Pre-Aggregations
Materialized rollup tables that store pre-computed aggregations for significant query performance improvements with automatic query routing and refresh strategies.
Pre-aggregations are materialized rollup tables that store pre-computed aggregations for significant query performance improvements. The query engine can automatically route queries to matching pre-aggregations instead of scanning base tables. Pre-aggregations can be configured to refresh automatically on schedules or when source data changes.
Automatic Recommendations
Sidemantic can automatically analyze your query history and recommend optimal pre-aggregations.

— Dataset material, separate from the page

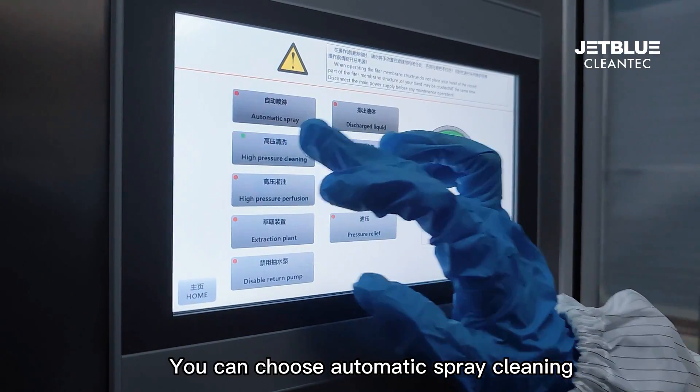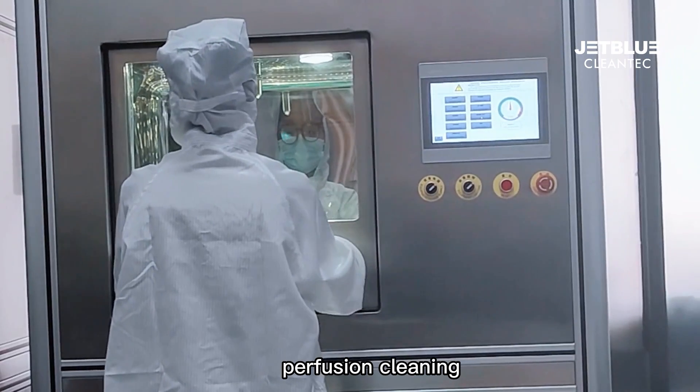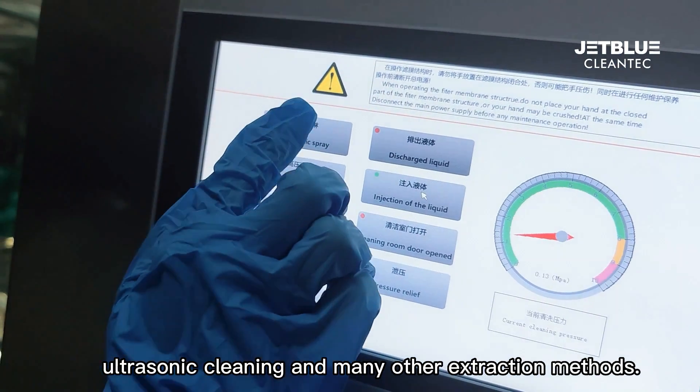You can choose automatic spray cleaning, manual high-pressure flushing, perfusion cleaning, ultrasonic cleaning, and many other extraction methods.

This is unique to Sidemantic—no manual analysis of query patterns required.
Fetch query history from BigQuery, Snowflake, Databricks, or ClickHouse and get instant recommendations with benefit scores:
sidemantic preagg recommend --connection "bigquery://project/dataset" sidemantic preagg apply models/ --connection "bigquery://project/dataset" --top 5See the Pre-Aggregation Recommendations guide for complete CLI documentation.
Important: Routing Disabled by Default
Pre-aggregation routing is disabled by default and must be explicitly enabled. See Enabling Routing for details.
Why Use Pre-Aggregations?
Performance Benefits
Pre-aggregations provide dramatic performance improvements by reducing the amount of data scanned:
Example: E-commerce orders table with 100M rows
# Without pre-aggregation: scan 100M rows
SELECT status, SUM(amount)
FROM orders
GROUP BY status
# With daily pre-aggregation: scan ~36K rows (10 statuses × 365 days × 10 years)
SELECT status, SUM(revenue_raw)
FROM orders_preagg_daily
GROUP BY status
Performance gain: ~2,777x fewer rows scanned
When to Use Pre-Aggregations
Use pre-aggregations when:
- Base tables are large (millions+ rows)
- Queries aggregate data frequently
- Query patterns are predictable (same dimensions/metrics)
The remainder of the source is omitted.